▶ **WHAT THE EXERCISE ASKS**: Write again exactly the lines in the listing below, starting at the line with "Fototapeta premium White" and ending at the line with "Pendientes plateados, pendientes", both included. Pictures are not copied.

▶ **DATA TO USE**:
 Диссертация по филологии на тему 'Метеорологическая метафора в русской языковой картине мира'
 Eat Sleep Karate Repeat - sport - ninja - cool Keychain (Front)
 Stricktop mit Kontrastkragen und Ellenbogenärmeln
* * *
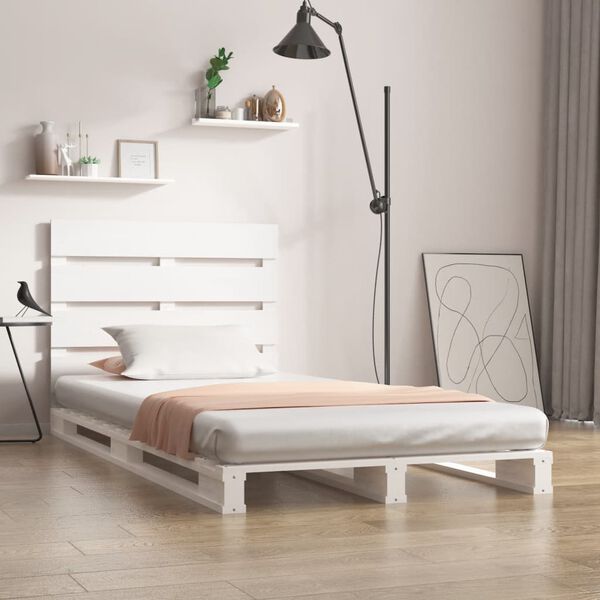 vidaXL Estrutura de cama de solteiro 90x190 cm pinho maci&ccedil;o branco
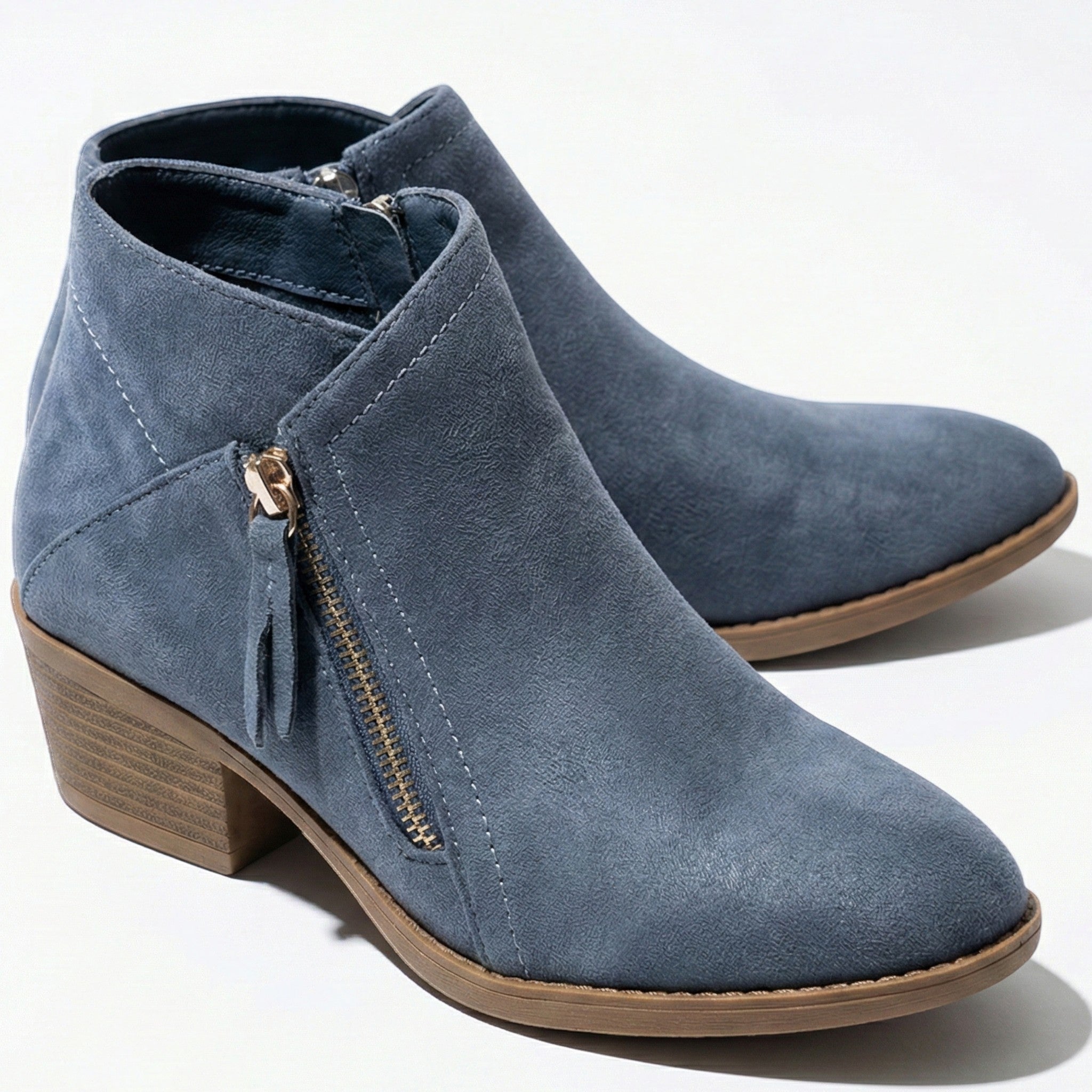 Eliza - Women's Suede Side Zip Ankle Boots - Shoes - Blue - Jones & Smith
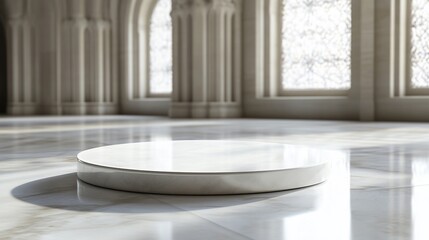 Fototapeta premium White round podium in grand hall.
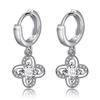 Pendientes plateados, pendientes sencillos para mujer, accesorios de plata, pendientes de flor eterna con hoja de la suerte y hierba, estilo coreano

▶ **WORKED SOLUTION**:
 Fototapeta premium White round podium in grand hall.
 Pendientes plateados, pendientes sencillos para mujer, accesorios de plata, pendientes de flor eterna con hoja de la suerte y hierba, estilo coreano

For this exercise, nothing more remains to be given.